La lunga gestazione del progetto ha fatto maturare nei registi la consapevolezza che l’unica maniera di rappresentare la complessità della situazione in cui versano i soggetti coinvolti fosse quella di assistere alla loro quotidianità, interferendo al minimo con il suo svolgimento.
Il documentario non segue dunque una sceneggiatura preesistente, ma è il risultato della frequentazione in strada, di pedinamenti diurni e notturni spesso silenziosi e molto lunghi, che i registi hanno compiuto in un arco temporale lungo un anno. Tutti i soggetti filmati sono fortemente inseriti all'interno degli spazi urbani di Genova, ma il volto della città è volutamente reso irriconoscibile, a sottolineare che potrebbe trattarsi del racconto di qualsiasi altra città italiana – da qui “quando la città soffre”.
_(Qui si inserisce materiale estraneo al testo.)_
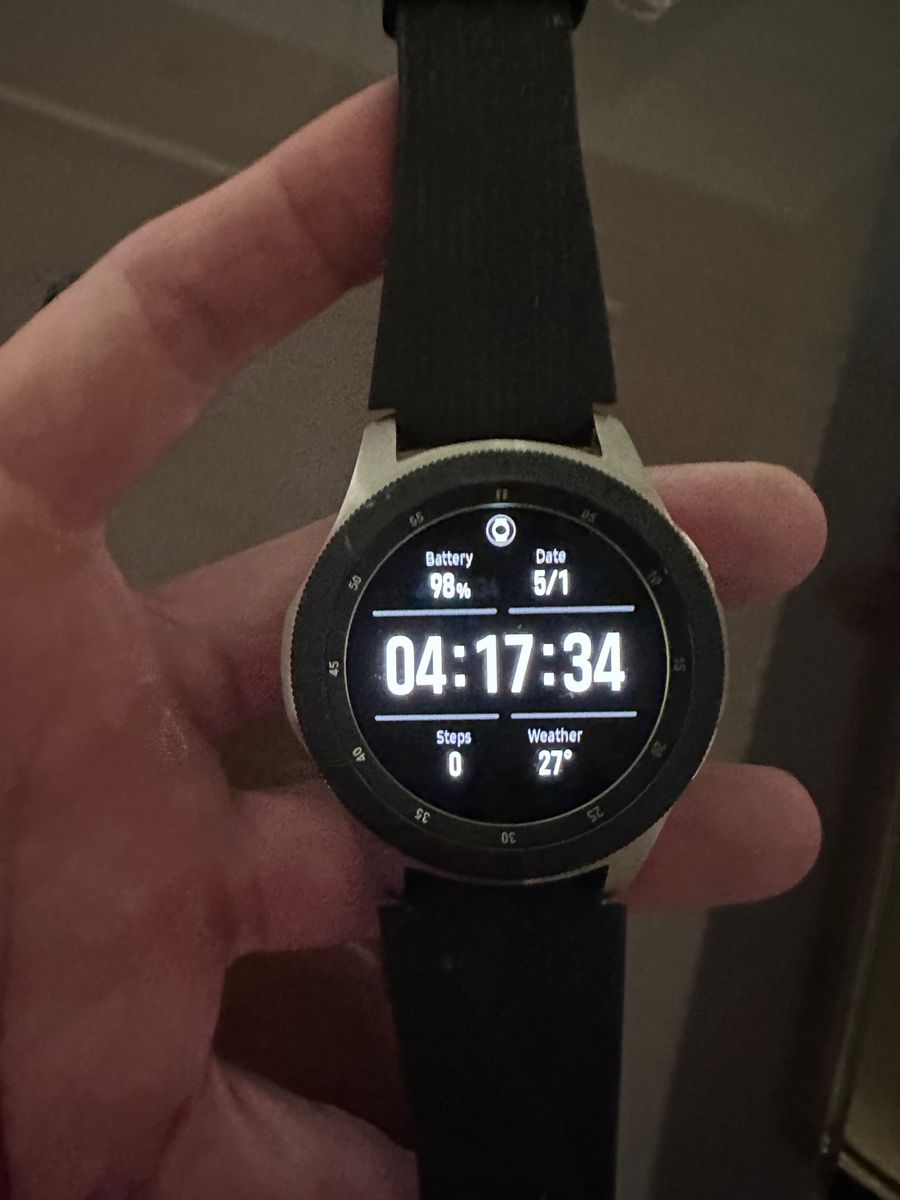 Smartwatch Samsung Galaxy Watch Bt 46mm Prata Estado De Novo Item Info Eletro Samsung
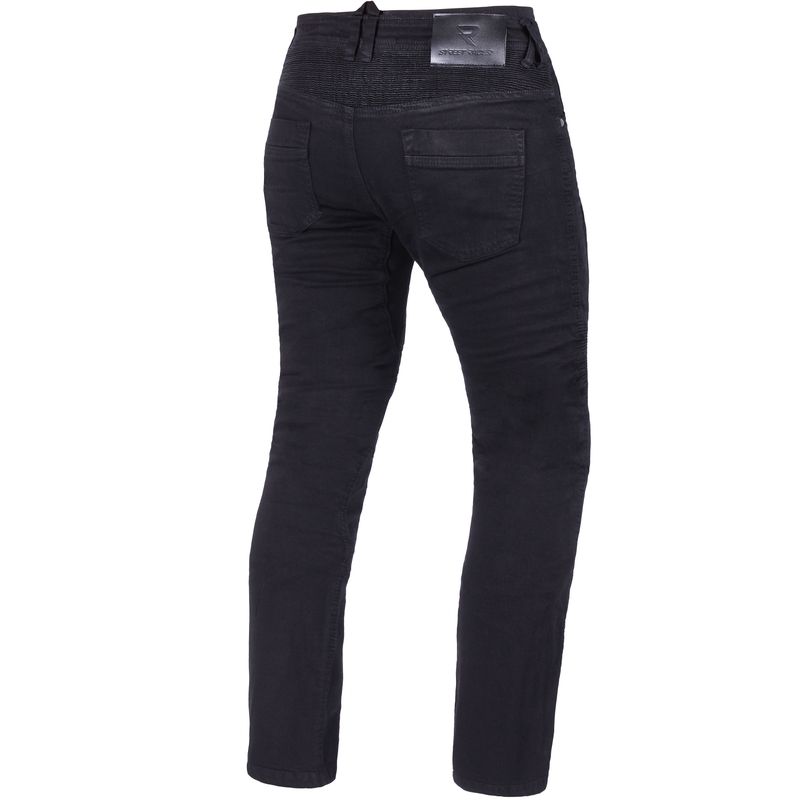 Jean de moto Street Racer Stretch II CE noir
Il documentario procede spesso per profondi e stridenti contrasti, come quello tra le vie e i quartieri agiati della città e la miseria di queste otto vite, o quello tra la loro presenza vicino alle stazioni – luoghi di continue partenze – e l’immobilità della loro condizione, o ancora tra l’intimità del proprio quotidiano e la necessità di viverla in pubblico, per strada.